Categories
SysOps

How to mount HDFS as a local file system

Mount HDFS as a local file system.

Beware, it will support only basic file operations at a slower pace, installation is cumbersome, but it works.

I will perform the installation on a client machine, but the compilation process can be executed only once elsewhere.

Prerequisites

You need docker to create Hadoop Developer build environment, Java, and Hadoop libraries to run the fuse_dfs application.
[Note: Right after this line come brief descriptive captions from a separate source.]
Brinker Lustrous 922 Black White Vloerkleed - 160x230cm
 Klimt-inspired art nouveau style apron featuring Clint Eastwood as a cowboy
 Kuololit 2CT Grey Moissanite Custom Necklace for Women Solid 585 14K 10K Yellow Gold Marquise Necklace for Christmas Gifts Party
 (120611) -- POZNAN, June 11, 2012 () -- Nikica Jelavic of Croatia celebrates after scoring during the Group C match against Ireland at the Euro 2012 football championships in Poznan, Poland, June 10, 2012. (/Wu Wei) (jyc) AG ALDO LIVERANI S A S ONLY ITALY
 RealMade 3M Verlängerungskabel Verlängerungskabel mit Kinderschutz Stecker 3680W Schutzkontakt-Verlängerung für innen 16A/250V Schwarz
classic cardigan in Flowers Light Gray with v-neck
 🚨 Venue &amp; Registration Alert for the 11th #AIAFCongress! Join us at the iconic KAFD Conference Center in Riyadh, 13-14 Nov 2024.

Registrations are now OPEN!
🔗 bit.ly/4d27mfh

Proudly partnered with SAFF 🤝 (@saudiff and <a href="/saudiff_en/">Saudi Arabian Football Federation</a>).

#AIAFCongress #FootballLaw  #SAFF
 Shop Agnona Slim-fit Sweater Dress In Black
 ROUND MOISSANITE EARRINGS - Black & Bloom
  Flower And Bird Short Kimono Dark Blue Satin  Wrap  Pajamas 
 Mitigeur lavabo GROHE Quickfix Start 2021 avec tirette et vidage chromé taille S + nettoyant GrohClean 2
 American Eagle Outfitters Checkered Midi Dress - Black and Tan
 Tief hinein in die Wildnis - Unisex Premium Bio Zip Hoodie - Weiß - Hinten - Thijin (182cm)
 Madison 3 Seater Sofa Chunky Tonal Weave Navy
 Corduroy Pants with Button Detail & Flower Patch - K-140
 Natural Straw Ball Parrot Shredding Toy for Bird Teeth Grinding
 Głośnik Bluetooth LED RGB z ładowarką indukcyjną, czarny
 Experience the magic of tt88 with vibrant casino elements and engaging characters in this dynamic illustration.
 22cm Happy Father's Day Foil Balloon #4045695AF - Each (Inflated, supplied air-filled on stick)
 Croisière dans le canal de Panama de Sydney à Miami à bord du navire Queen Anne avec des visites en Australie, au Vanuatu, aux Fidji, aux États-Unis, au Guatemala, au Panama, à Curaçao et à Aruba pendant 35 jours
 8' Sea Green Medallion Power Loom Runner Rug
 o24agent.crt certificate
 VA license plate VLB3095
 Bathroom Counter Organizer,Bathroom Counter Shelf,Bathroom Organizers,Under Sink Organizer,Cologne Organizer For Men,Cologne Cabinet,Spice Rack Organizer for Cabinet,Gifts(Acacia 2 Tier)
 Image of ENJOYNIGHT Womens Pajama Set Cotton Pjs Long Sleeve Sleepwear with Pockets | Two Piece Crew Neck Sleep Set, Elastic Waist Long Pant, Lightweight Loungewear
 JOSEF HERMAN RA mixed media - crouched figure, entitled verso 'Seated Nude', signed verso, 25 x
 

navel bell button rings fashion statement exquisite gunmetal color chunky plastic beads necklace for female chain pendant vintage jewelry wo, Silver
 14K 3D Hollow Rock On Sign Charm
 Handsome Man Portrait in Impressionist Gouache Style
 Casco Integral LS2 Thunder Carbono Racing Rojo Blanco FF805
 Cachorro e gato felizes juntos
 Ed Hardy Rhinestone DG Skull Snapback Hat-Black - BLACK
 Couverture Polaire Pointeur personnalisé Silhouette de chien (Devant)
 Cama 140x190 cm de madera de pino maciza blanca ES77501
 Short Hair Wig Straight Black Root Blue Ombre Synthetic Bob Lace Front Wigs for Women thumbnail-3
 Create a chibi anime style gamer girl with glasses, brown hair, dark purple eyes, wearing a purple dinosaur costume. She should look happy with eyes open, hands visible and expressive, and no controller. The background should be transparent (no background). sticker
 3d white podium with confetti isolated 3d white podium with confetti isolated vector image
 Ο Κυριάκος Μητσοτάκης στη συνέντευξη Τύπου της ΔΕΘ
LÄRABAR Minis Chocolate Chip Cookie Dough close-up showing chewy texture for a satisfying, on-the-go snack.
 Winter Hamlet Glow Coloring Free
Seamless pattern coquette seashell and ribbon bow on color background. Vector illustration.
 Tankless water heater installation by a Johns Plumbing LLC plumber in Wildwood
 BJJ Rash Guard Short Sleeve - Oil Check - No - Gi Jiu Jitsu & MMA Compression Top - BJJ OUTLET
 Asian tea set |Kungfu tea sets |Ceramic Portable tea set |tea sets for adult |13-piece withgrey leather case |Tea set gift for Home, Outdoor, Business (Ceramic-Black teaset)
Ownership works in a slightly different way as it is using the user name, not user id, so change ownership a directory using hdfs utilities before you try to write anything there using fuse.

$ hdfs dfs -mkdir /milosz                                                    
$ hdfs dfs -chown milosz  /milosz

Installation

Create workspace directory for compilation purposes.

$ sudo mkdir /opt/workspace

Change directory ownership.

$ sudo chown $(whoami) /opt/workspace

Change working directory.

$ cd /opt/workspace

Clone hadoop source code. I will stick with branch-3.2 as I am using Hadoop 3.2.2, but you can skip the branch part.

$ git clone --depth 1 --branch branch-3.2 https://github.com/apache/hadoop.git
Cloning into 'hadoop'...
remote: Enumerating objects: 16383, done.
remote: Counting objects: 100% (16383/16383), done.
remote: Compressing objects: 100% (11609/11609), done.
remote: Total 16383 (delta 5653), reused 7976 (delta 3721), pack-reused 0
Receiving objects: 100% (16383/16383), 34.38 MiB | 7.34 MiB/s, done.
Resolving deltas: 100% (5653/5653), done.

Change working directory.

$ cd hadoop

Create a build environment using docker. Inspect BUILDING.txt for details.

$ ./start-build-env.sh
[...]
 _   _           _                    ______
| | | |         | |                   |  _  \
| |_| | __ _  __| | ___   ___  _ __   | | | |_____   __
|  _  |/ _` |/ _` |/ _ \ / _ \| '_ \  | | | / _ \ \ / /
| | | | (_| | (_| | (_) | (_) | |_) | | |/ /  __/\ V /
\_| |_/\__,_|\__,_|\___/ \___/| .__/  |___/ \___| \_(_)
                              | |
                              |_|

This is the standard Hadoop Developer build environment.
This has all the right tools installed required to build
Hadoop from source.

You will be left inside Hadoop Developer build environment.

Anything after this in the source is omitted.